What you will do
Write out exactly the lines from the one with "Crimson Against the" through the last line of the data below, but not the pictures.

*** Opening of Extracted information ***

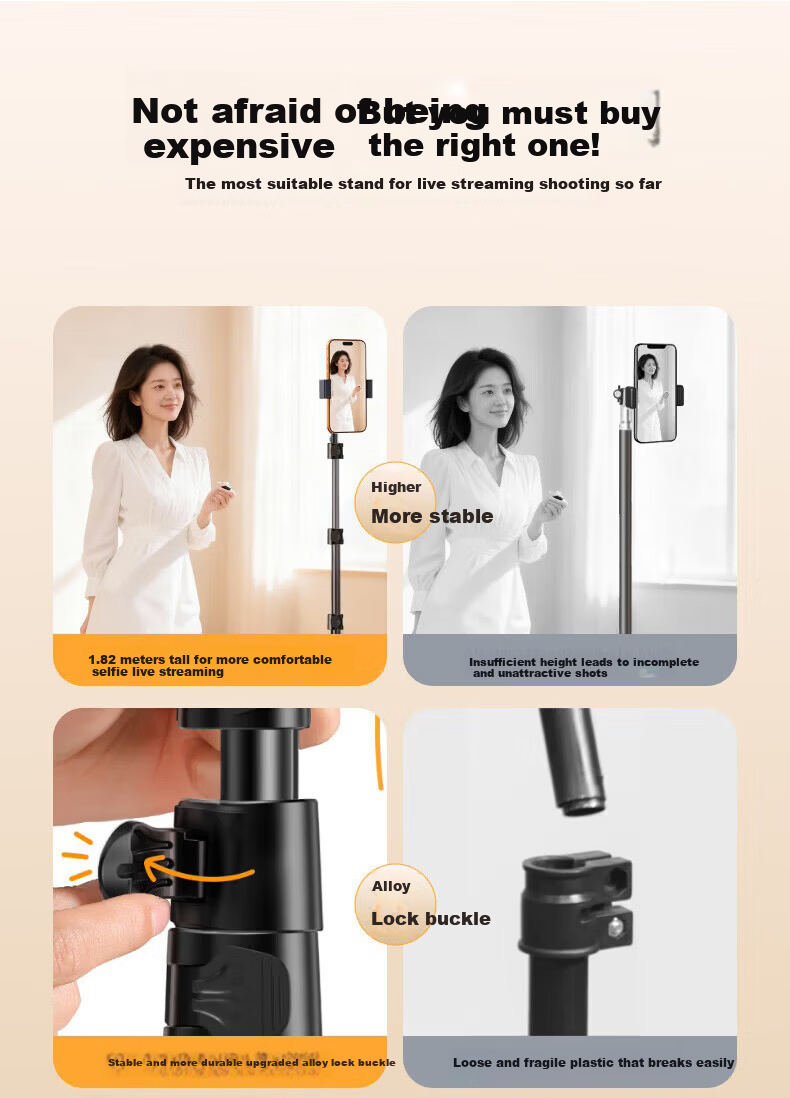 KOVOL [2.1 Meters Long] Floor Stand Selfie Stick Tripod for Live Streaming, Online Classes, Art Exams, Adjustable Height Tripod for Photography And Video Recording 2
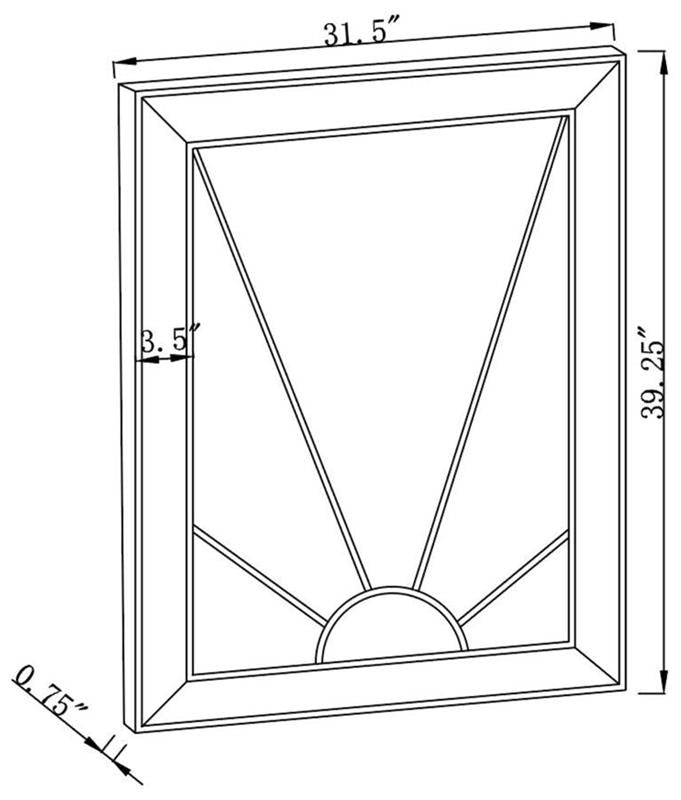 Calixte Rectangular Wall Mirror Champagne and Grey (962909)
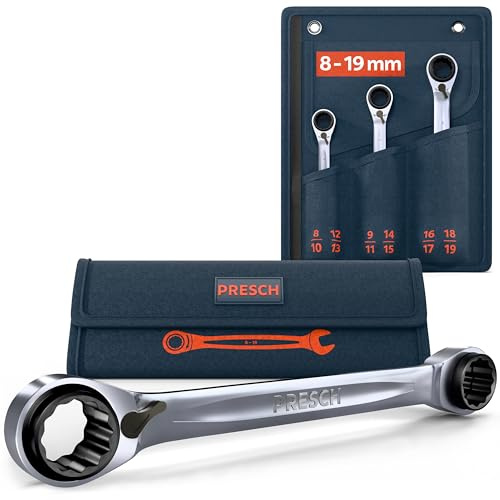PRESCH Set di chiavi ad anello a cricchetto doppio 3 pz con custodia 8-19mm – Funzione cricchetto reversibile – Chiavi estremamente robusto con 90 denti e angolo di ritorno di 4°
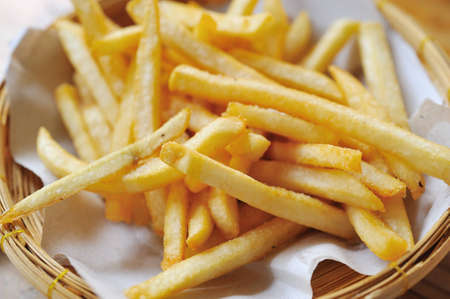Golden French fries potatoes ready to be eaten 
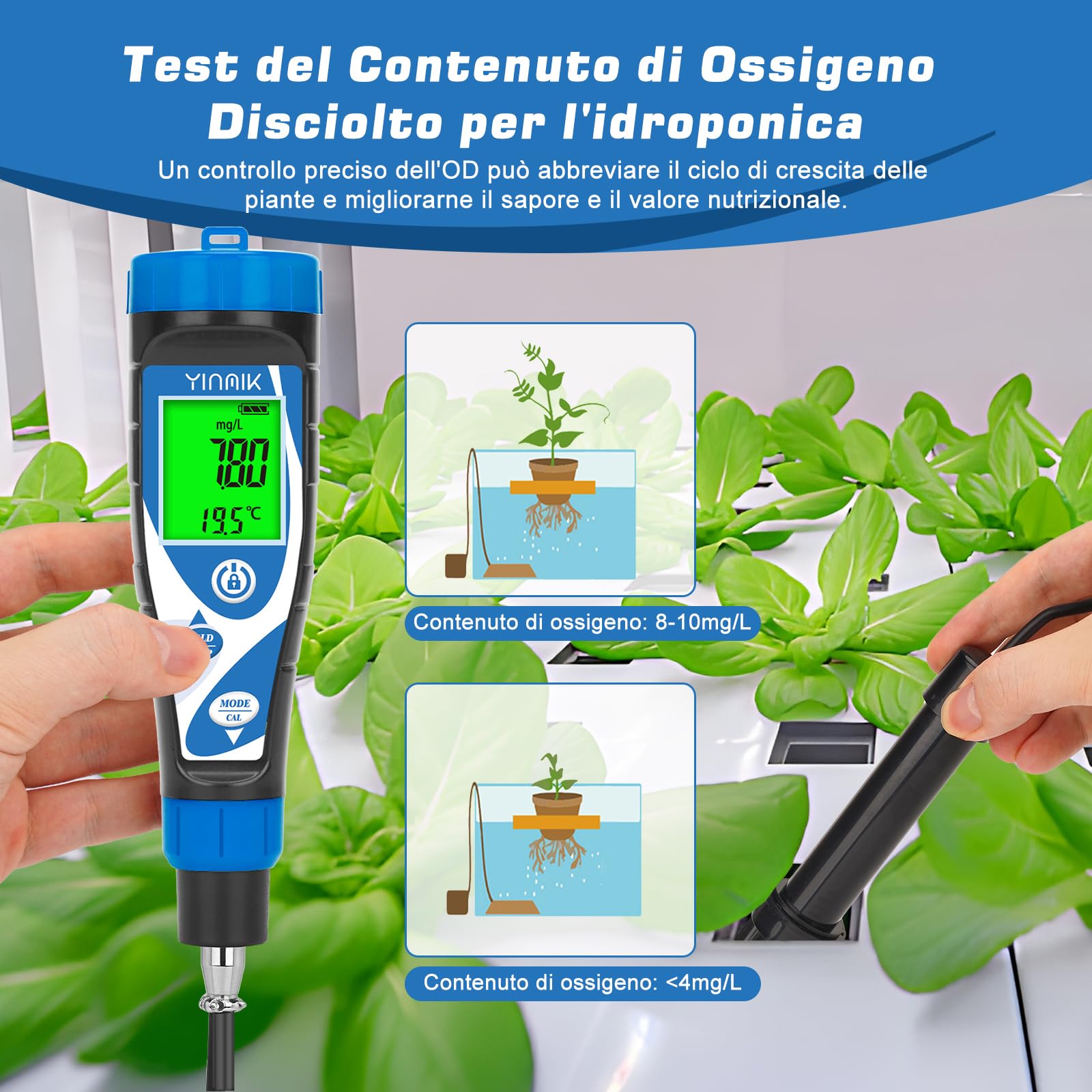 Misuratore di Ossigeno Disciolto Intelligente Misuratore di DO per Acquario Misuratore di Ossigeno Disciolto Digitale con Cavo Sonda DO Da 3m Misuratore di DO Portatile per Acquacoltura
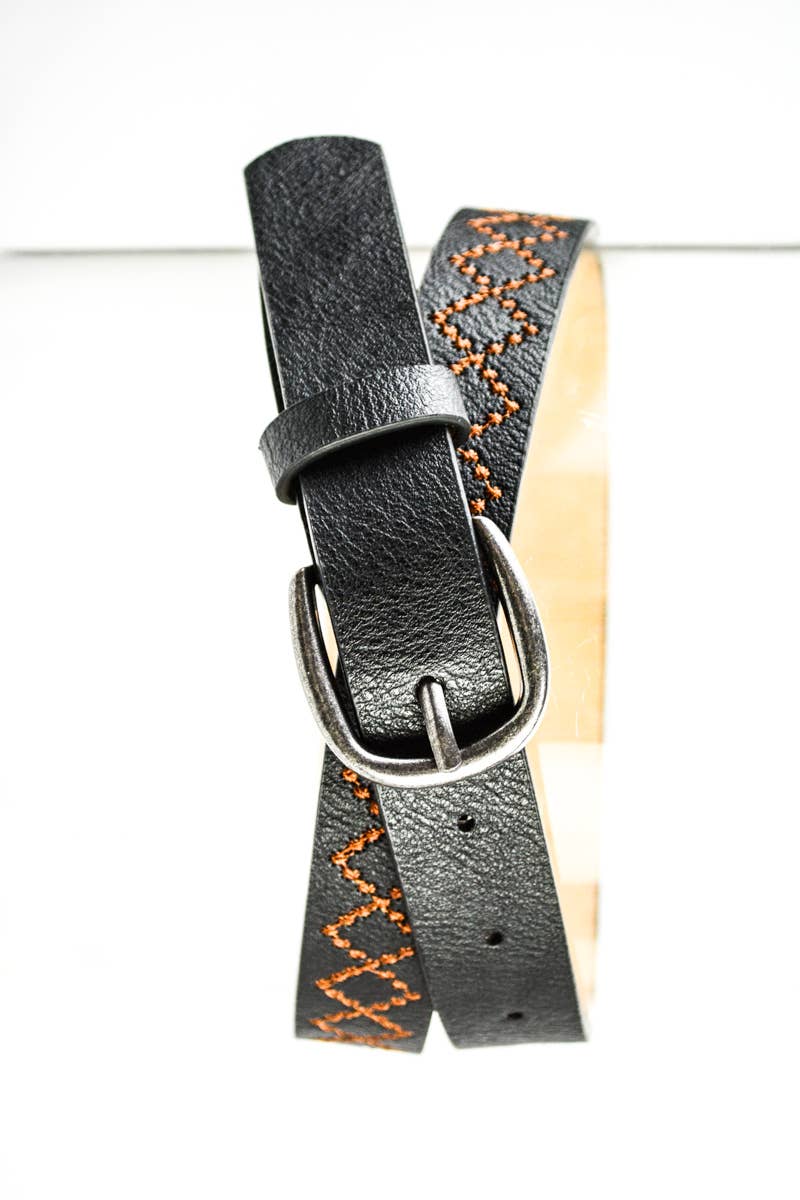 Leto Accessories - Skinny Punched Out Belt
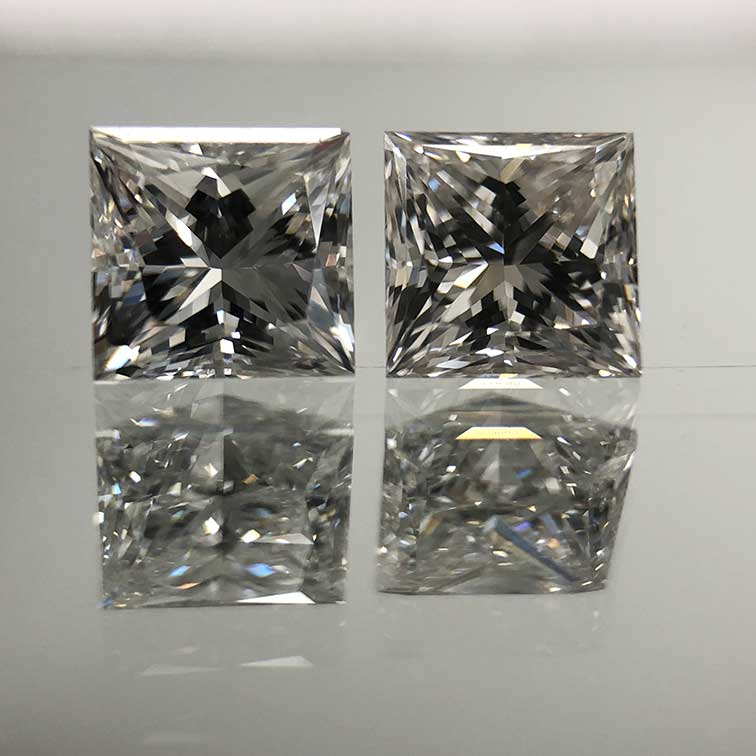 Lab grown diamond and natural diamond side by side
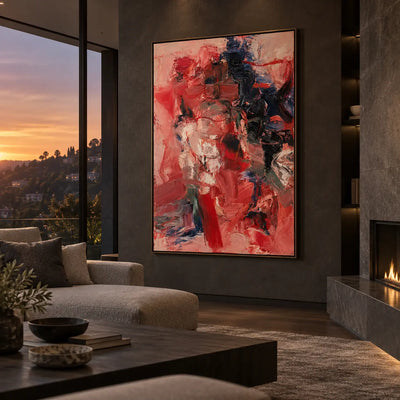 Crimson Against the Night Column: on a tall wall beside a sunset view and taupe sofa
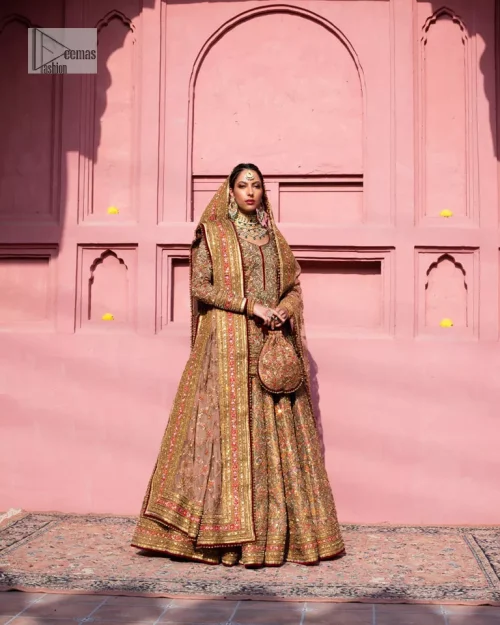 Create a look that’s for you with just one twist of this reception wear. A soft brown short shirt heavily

*** Close of Extracted information ***

Reply
 Crimson Against the Night Column: on a tall wall beside a sunset view and taupe sofa
 Create a look that’s for you with just one twist of this reception wear. A soft brown short shirt heavily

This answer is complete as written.